* Given information:
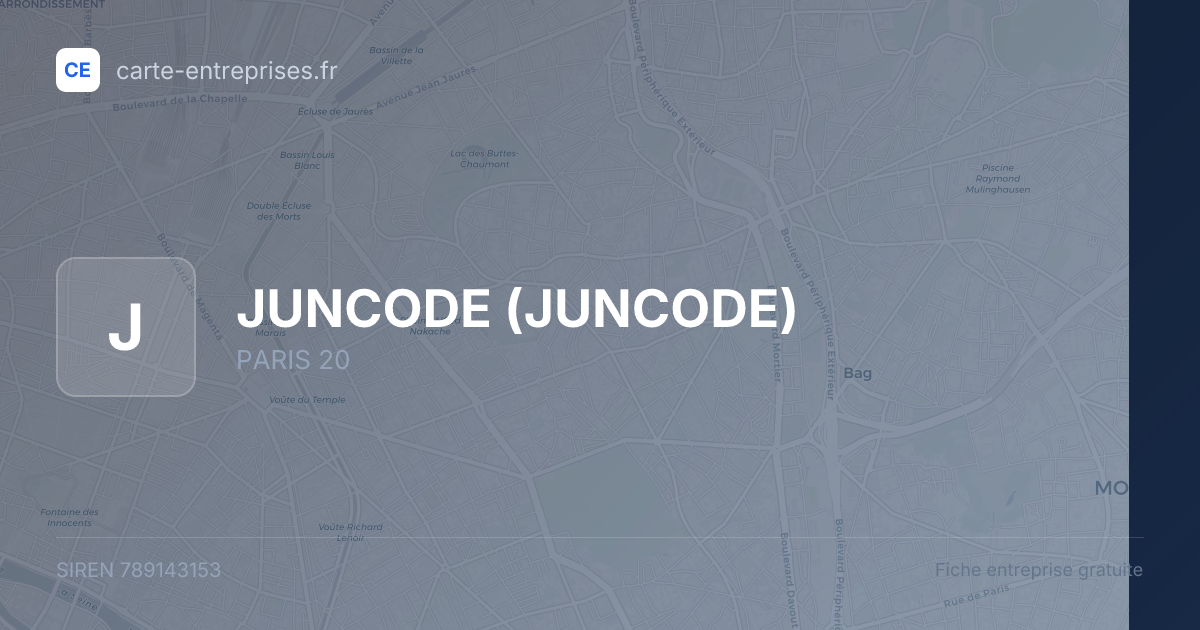 JUNCODE — 789143153 — fiche entreprise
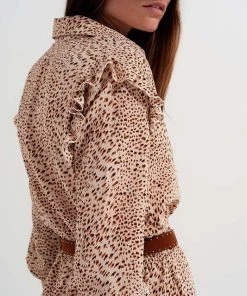 Ms. Meri Mak Stéphane Leopard Dot Ruffle Dress Shop Sale- 2021 Collection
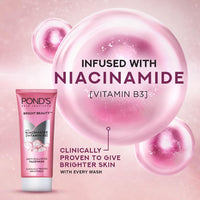 POND's Bright Beauty Anti-Dullness & Brightening Facewash With Niacinamide | For Glass-Skin Like Shine And With 4X Visibly Brighter Skin, 200Gm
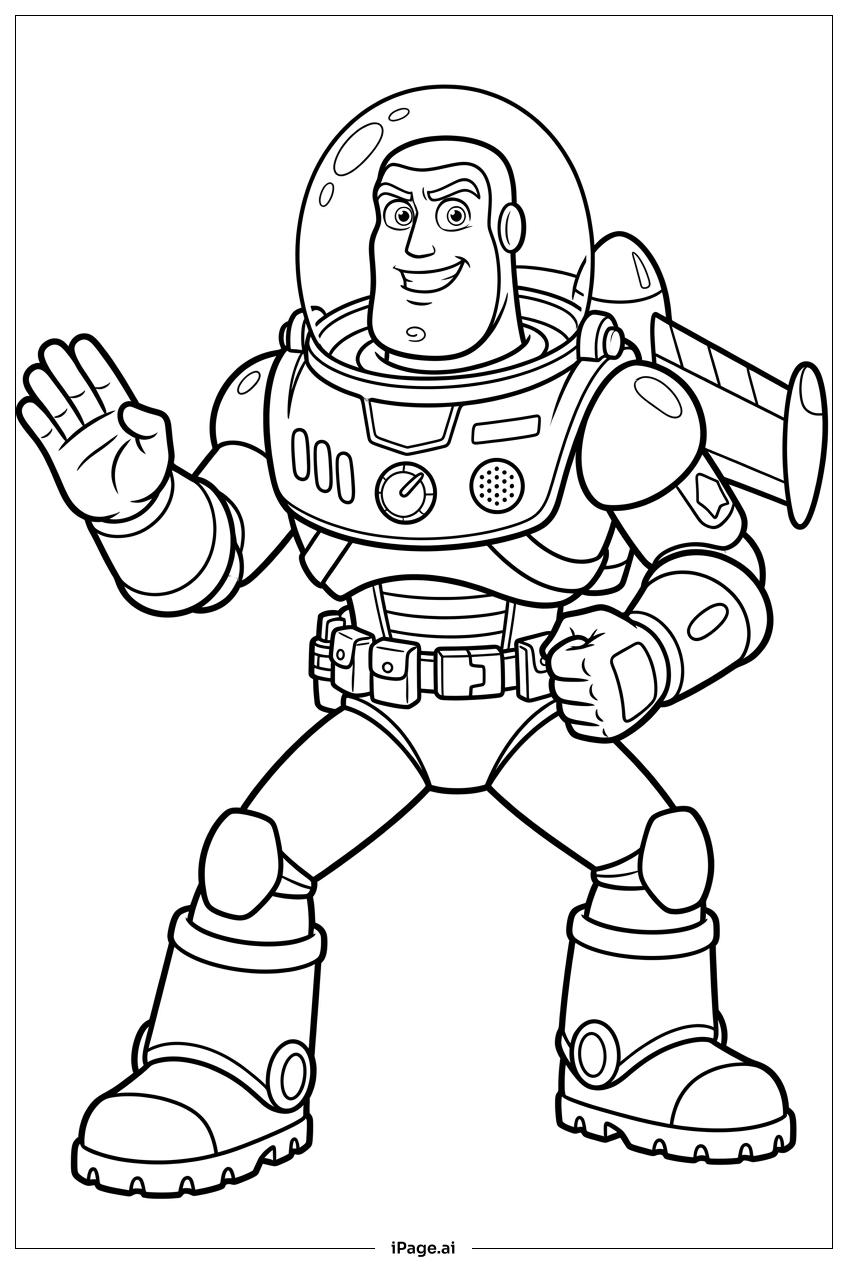 Buzz Lightyear begrüßt vor der Trainingsstunde Ausmalseite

* Task:
Without including any image, reproduce the full listing above as written.

* Response to the task:
 JUNCODE — 789143153 — fiche entreprise
 Ms. Meri Mak Stéphane Leopard Dot Ruffle Dress Shop Sale- 2021 Collection
 POND's Bright Beauty Anti-Dullness & Brightening Facewash With Niacinamide | For Glass-Skin Like Shine And With 4X Visibly Brighter Skin, 200Gm
 Buzz Lightyear begrüßt vor der Trainingsstunde Ausmalseite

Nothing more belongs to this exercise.